Jack Balkin's recent piece on virtual worlds ( is yet one more example of the emergence of virtual worlds as legal, economic and cultural entities that deserve serious consideration by real world analysts. Legal education has been slow to discover that virtual simulation is a valuable method of learning about the law, the legal profession and its transactions. In this presentation I shall demonstrate how the Glasgow Graduate School of Law (GGSL) has used virtual simulation to enhance student learning in a postgraduate professional practice course. The tour will include some of the online tools that students and staff used within the simulated environment; learning theory that guided the Learning Technologies Development Unit within the GGSL, and feedback from the users. The following paper is an introduction to this tour, setting the context and the general.

Introduction

This paper describes the context, project development and use of a web-based virtual community to enhance professional legal education at the Glasgow Graduate School of Law.[2] The approaches to learning presented at the workshop were developed over a number of years by the author and others, and continue to be developed and expanded. What is described below is therefore a constant work in progress; but the paradox of all educational implementations is that every engagement with students is, from their point of view, a once-only encounter – Heraclitus’ step into the river, as it were – and thus our work can be described as cycles of both finished product and constant evolution. Below, we shall outline the context of our ICT implementations, give an overall view of our approach to teaching and learning using ICT, and then describe particular aspects of the projects we use to teach our students.

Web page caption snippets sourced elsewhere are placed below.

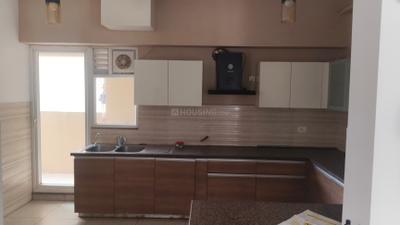 Kitchen Image of 2070 Sq.ft 3 BHK Apartment / Flat for sale in ABA Cleo County Phase 2, Sector 121 Noida for Rs. 39000000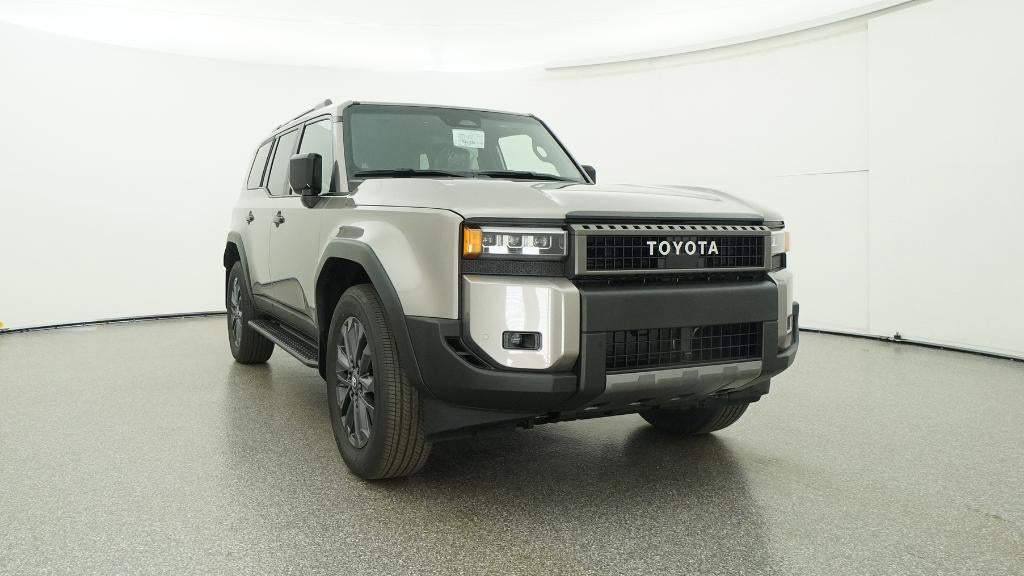 2026 Toyota Land Cruiser Land Cruiser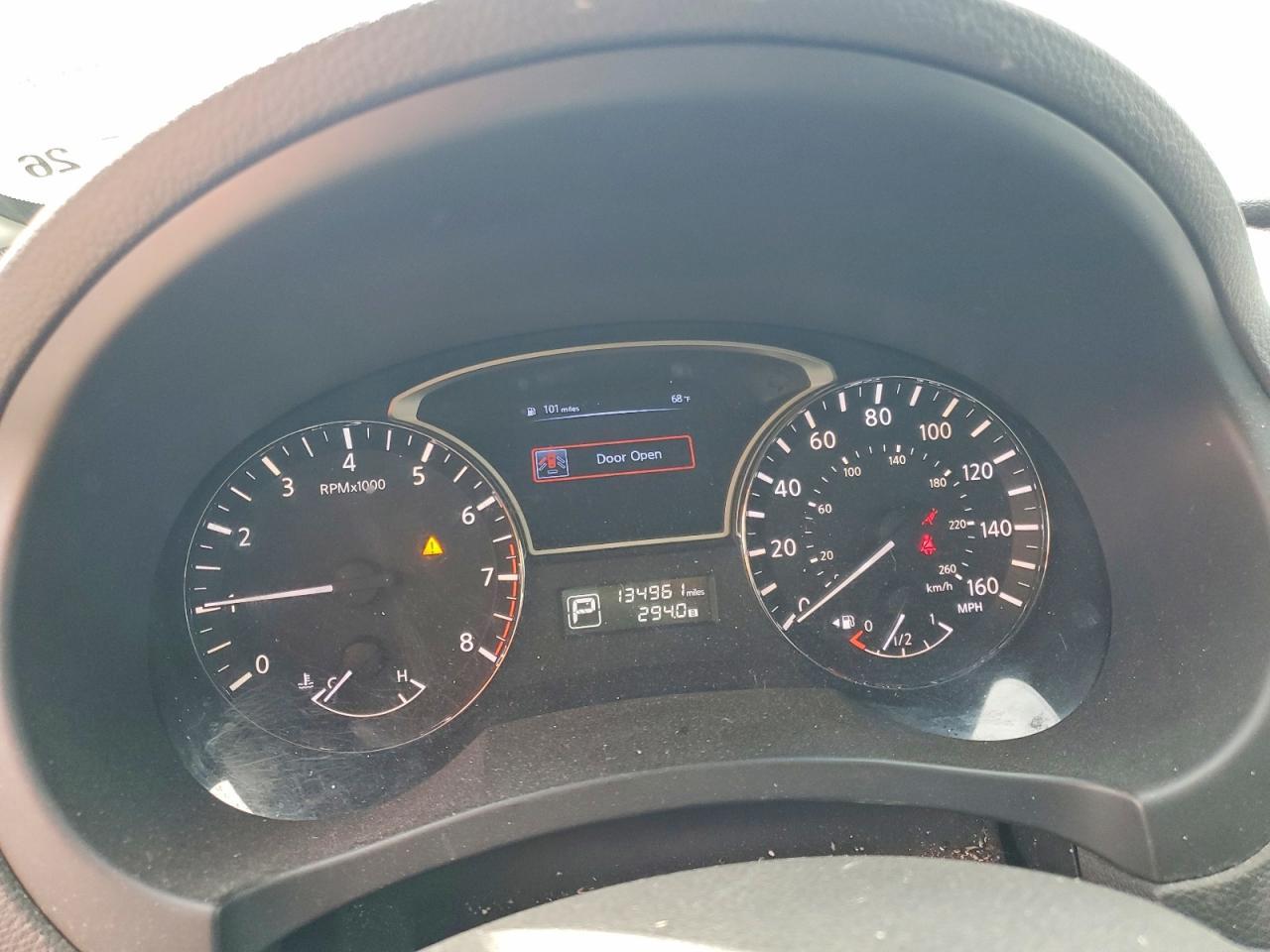 2014 NISSAN ALTIMA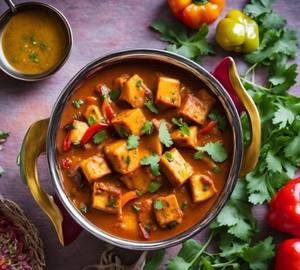 Kadai Paneer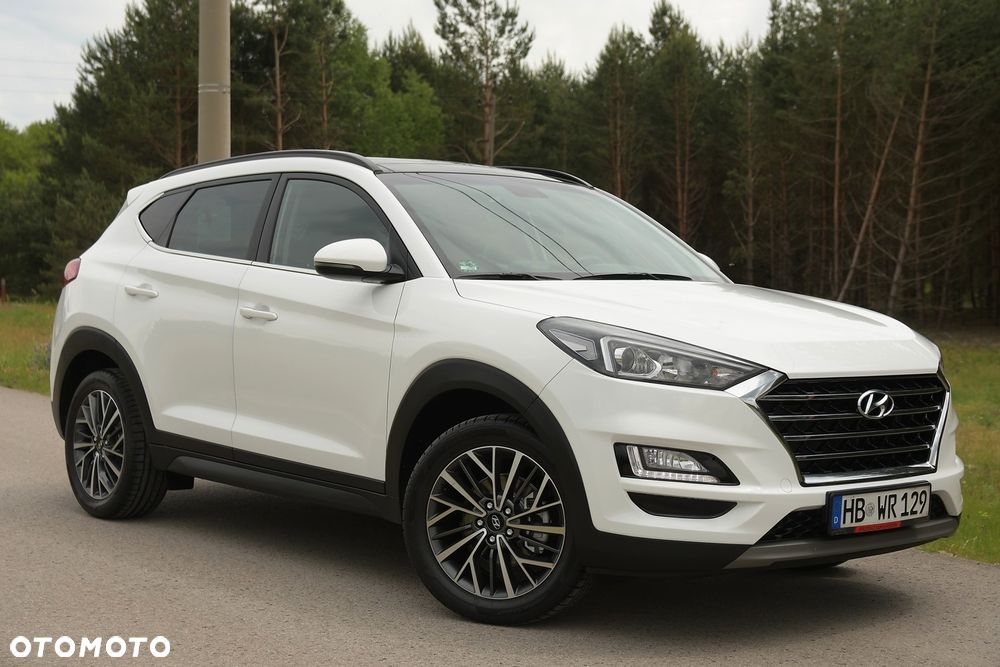 Hyundai Tucson 1.6 GDi 2WD DCT Style - 3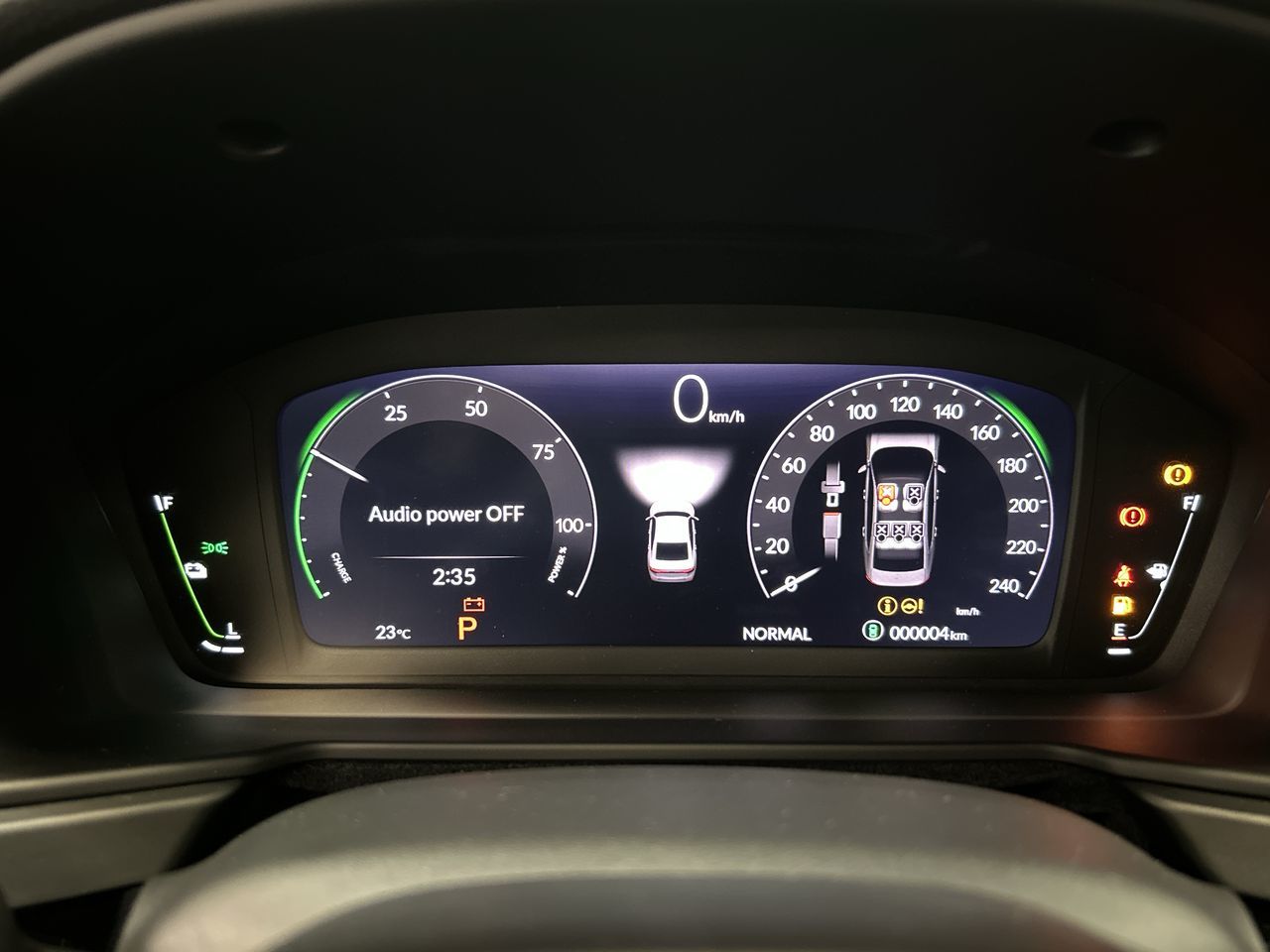 Honda Accord Hybrid  2025 à Mississauga, Ontario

Context: The Diploma in Legal Practice

In Scotland there are a number of routes to qualification as a solicitor or advocate. The commonest route to the legal profession is via university study. In their undergraduate years, most students study for their LLB degree in one of a variety of routes stretching from 2-4 years, depending on their previous experience & pattern of study. This is followed by the postgraduate Diploma, which lasts for over six months – effectively a full academic year. All students then enter a traineeship of two years in a legal office, during which the Law Society of Scotland requires them to undertake a Professional Competence Course and, during their traineeship, to undertake the Assessment of Professional Competence.[3] It is possible to sit examinations held by the Law Society of Scotland in what are known as the ‘qualifying subjects’, a pass in which qualifies the candidate to proceed to a postgraduate course in professional subjects, called the Diploma in Legal Practice. The commonest route to the legal profession, however, is via university study. In their undergraduate years, most students study for their LLB degree in one of a variety of routes stretching from 2-4 years, depending on their previous experience & pattern of study. This is followed by the postgraduate Diploma, which lasts for over six months – effectively a full academic year. All students then enter a traineeship of two years in a legal office, during which the Law Society of Scotland requires them to undertake a Professional Competence Course and during their traineeship, to undertake the Test of Professional Competence.

The Diploma consists of eight subjects and one option – in the GGSL we have added another, namely the first in the following list:

  1. Foundation Course in Professional Legal Skills (unassessed)
  2. Civil Court Practice
  3. Criminal Court Practice
  4. Financial Services & Accountancy
  5. Private Client
  6. Professional Ethics
  7. Conveyancing
  8. Practice Management
  9. Either Company & Commercial or Public Administration

In the later 1990s the Diploma curriculum underwent revision by the Law Society, with the result that a number of skills were identified as being crucial to legal practice, and which had been, hitherto, not sufficiently been the focus in the curriculum. The Law Society therefore required providers to focus on a number of professional skills areas, namely:

  1. Interviewing
  2. Negotiation
  3. Advocacy
  4. Legal Writing
  5. Drafting
  6. Research

From its inception in 1978 until 1999, the Diploma had been taught at five centres in Scotland, namely the law schools at Aberdeen, Dundee, Edinburgh, Glasgow and Strathclyde Universities. In 1999, however, the Glasgow Graduate School of Law (GGSL) was formed, uniting many of the postgraduate functions of the two law schools of Glasgow and Strathclyde. As a result, this year we teach over 200 students (this year, 250)250 students on the Diploma – effectively over 50% of the toal number of intrants to the legal profession in Scotland. Many of these students have studied law for four years, to Honours level.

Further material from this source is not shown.